**INSTRUCTIONS TO FOLLOW**
The line containing "capannone in vendita a Faenza" marks the start; please restate exactly that line and only the lines following it through the end of the material below.

**LISTED RECORDS**

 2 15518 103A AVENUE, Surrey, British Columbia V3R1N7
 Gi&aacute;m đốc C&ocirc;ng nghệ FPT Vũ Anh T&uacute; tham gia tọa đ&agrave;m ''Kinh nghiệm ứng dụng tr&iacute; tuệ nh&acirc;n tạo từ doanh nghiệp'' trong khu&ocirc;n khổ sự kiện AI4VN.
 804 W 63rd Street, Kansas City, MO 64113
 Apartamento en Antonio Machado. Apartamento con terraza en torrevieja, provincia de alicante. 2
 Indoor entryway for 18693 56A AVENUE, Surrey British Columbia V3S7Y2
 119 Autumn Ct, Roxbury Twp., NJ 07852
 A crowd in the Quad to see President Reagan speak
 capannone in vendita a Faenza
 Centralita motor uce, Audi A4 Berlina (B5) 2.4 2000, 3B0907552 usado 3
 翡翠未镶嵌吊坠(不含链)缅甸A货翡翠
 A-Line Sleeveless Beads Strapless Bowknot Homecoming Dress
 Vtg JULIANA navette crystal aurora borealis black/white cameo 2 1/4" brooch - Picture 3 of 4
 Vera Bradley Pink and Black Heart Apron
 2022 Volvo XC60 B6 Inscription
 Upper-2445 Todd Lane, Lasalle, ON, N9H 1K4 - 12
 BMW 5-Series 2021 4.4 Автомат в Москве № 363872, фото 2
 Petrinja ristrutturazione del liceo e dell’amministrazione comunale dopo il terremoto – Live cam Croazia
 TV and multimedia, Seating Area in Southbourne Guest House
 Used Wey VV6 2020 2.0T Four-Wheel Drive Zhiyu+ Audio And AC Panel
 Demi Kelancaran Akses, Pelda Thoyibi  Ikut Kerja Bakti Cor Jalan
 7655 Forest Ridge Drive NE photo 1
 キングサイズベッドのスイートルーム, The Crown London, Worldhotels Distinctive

**TASK SOLUTION**
 capannone in vendita a Faenza
 Centralita motor uce, Audi A4 Berlina (B5) 2.4 2000, 3B0907552 usado 3
 翡翠未镶嵌吊坠(不含链)缅甸A货翡翠
 A-Line Sleeveless Beads Strapless Bowknot Homecoming Dress
 Vtg JULIANA navette crystal aurora borealis black/white cameo 2 1/4" brooch - Picture 3 of 4
 Vera Bradley Pink and Black Heart Apron
 2022 Volvo XC60 B6 Inscription
 Upper-2445 Todd Lane, Lasalle, ON, N9H 1K4 - 12
 BMW 5-Series 2021 4.4 Автомат в Москве № 363872, фото 2
 Petrinja ristrutturazione del liceo e dell’amministrazione comunale dopo il terremoto – Live cam Croazia
 TV and multimedia, Seating Area in Southbourne Guest House
 Used Wey VV6 2020 2.0T Four-Wheel Drive Zhiyu+ Audio And AC Panel
 Demi Kelancaran Akses, Pelda Thoyibi  Ikut Kerja Bakti Cor Jalan
 7655 Forest Ridge Drive NE photo 1
 キングサイズベッドのスイートルーム, The Crown London, Worldhotels Distinctive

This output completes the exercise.